Night 2 was definitely busier for the both of us. For me, there was one patient who pretty much required my attention the entire night. And when I finally failed at placing a functional arterial line, I had to go call Anesthesia to help me place it. And then while they were at bedside, I asked if they could also intubate my patient as well. Later, as the early morning hours rolled around, I was about to place a central line. I had collected the consent and all the necessary materials. I had the ultrasound machine ready. However, the patient was still moving around so I asked that the sedation be turned up and I would return shortly.

I never did return. Because while I was waiting for increased sedation, I got another call for a patient on the other side of the ICU. Apparently they were having non-convulsive seizures through much of the night and the EEG tech was notifying us.

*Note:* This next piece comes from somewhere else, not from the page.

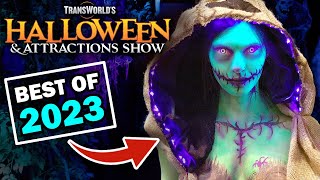 BEST of Transworld 2023 Halloween Expo Scary Animatronics Masks Costumes and More Video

Six in the morning. The patient had already been well loaded with dilantin, a type of anti-seizure medication the night before. However, despite the dilantin, the seizures continued. I considered adding another medication at a constant infusion via IV. The caveat, though, is that a constant infusion of versed (the medication I was considering) requires a patient to be intubated because it can depress the respiratory function.

I did not want to make that decision alone, though. So I paged the on-call neurologist. Unable to get a response, I finally paged the neurologist who would come on call at 8 AM. She advised against the versed infusion and suggested a different regimen. By the time this was sorted out, the day teams had already began showing up and I signed out the events of the night to them.

Tonight I am writing this on night 3. The call team admitted at least one very sick, ICU patient. At this point we have come up with a plan and we will continue to see how the patient does over the course of the night.

While I generally dislike working nights, there are some things that are nice.

I just have to focus on those niceties for another 3 nights.